彭德(以下简称“彭”):既成的历史总是会由显赫人物和事件来体现。背后的问题不少,它们可能缘于一些小事,包括一些不便披露的故事和隐私,影响着发展进程,但不登大雅之堂。中国人习惯于正面地、大而化之地谈论历史,忽略负面的小事。中国当代艺术的进程,应该是很多正面的和负面的因素在起作用。

栋:我想背后要么有一种权力的东西,要么就是您刚才说的是艺术家个人的一些问题,还有记录历史的人。

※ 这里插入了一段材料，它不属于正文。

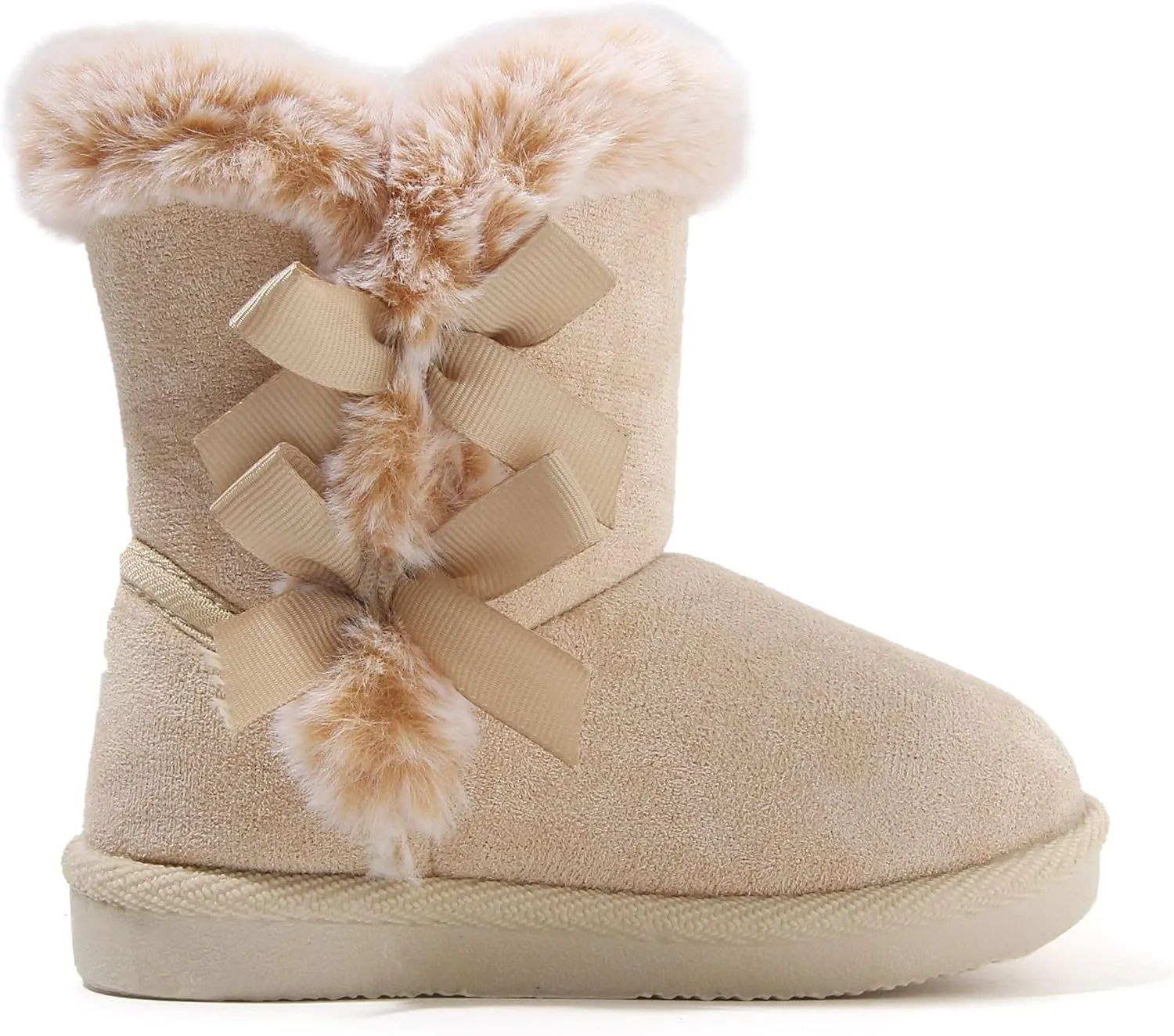 LONSOEN Kids Girls Boys Winter Warm Boots Suede Lightweight Faux Fur Lined Mid Calf Snow Boots for Toddler/Little Kid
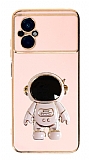 Eiroo Astronot Xiaomi Poco M5 Standl Pembe Silikon Klf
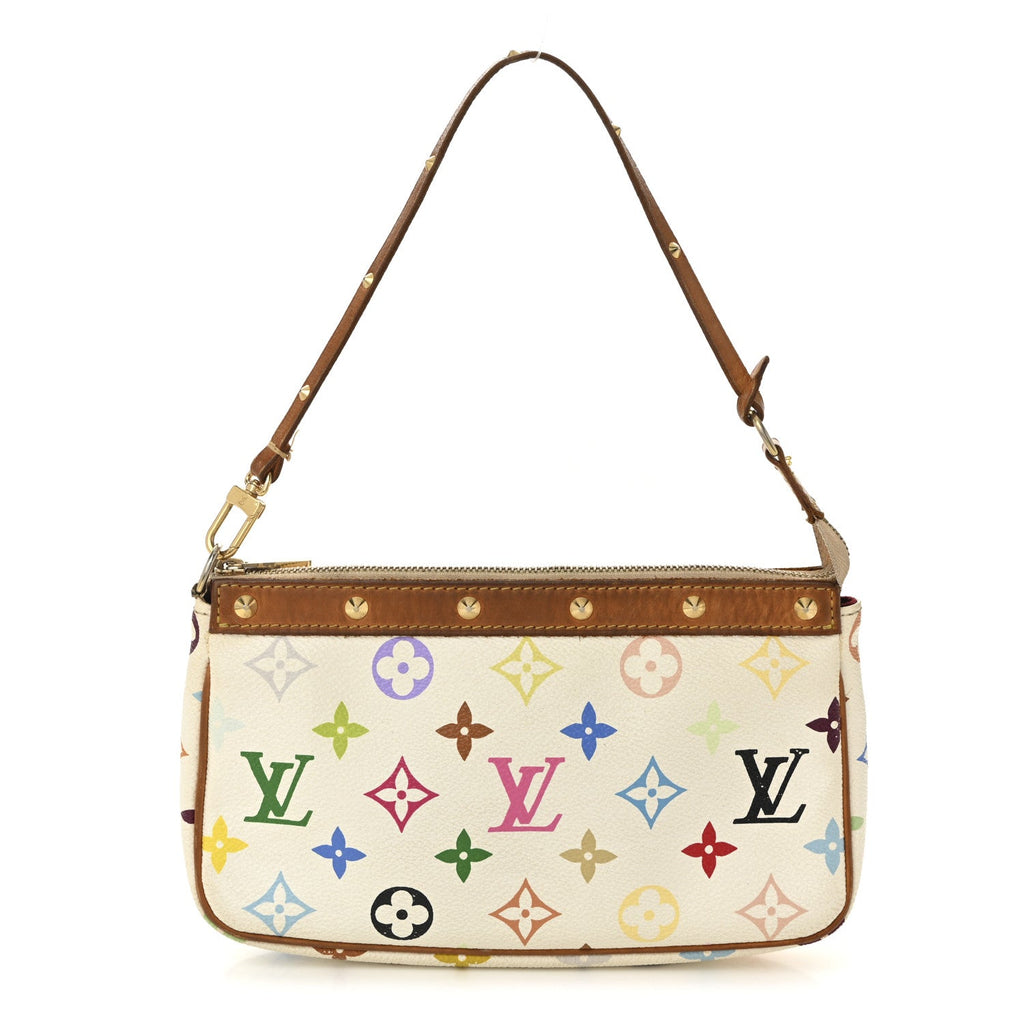 Louis Vuitton Monogram Multicolor Pochette Accessories White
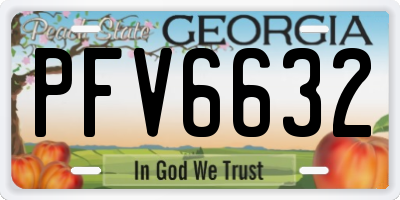 GA license plate PFV6632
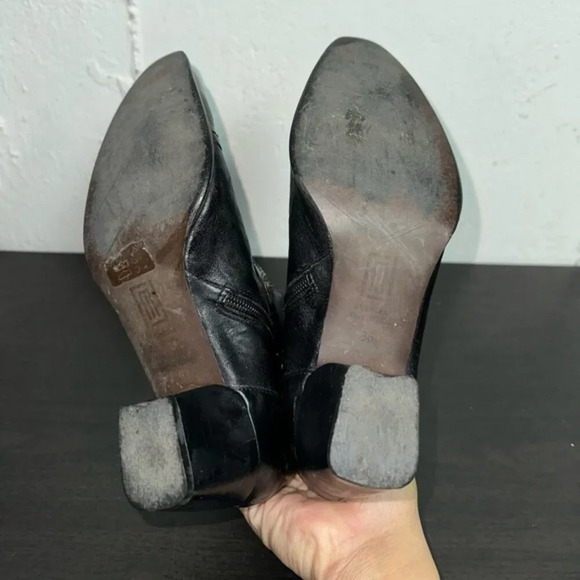 France Mode Black Leather ankle boot  size 36 - Picture 4 of 7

彭:对。后人眼中的历史都是某个人或者某个集体记录的历史。在审读历史文本的时候,需要对历史的记录者进行考察,包括他们的动机、视野、志趣、倾向以及社会关系等等,从而有助于人们加以清理和“还原”。在当时,很多当代艺术家都是才子,都有想法,但最后谁出来,牵涉到一些偶然的因素和机遇。当我们反思历史的时候,一方面,每个时代总会有自己的代表人物或典型的人物作为具体的范例。另一方面,这些人物更多的只是历史潮流中的浪花或亮点。如果过份地强调,真实的历史就会变形,相关的历史文本会产生误导作用。历史文本记录的背后如果有问题,那就更加的不可取。在古代,无数文人在记录历史,由于记录能力或记录动机有问题,众多历史著作都被后人无情地淘汰了。因此,我曾在参加深圳美术馆一次讨论当代美术史撰写的会议上呼吁“书写历史的人必须对天发誓”。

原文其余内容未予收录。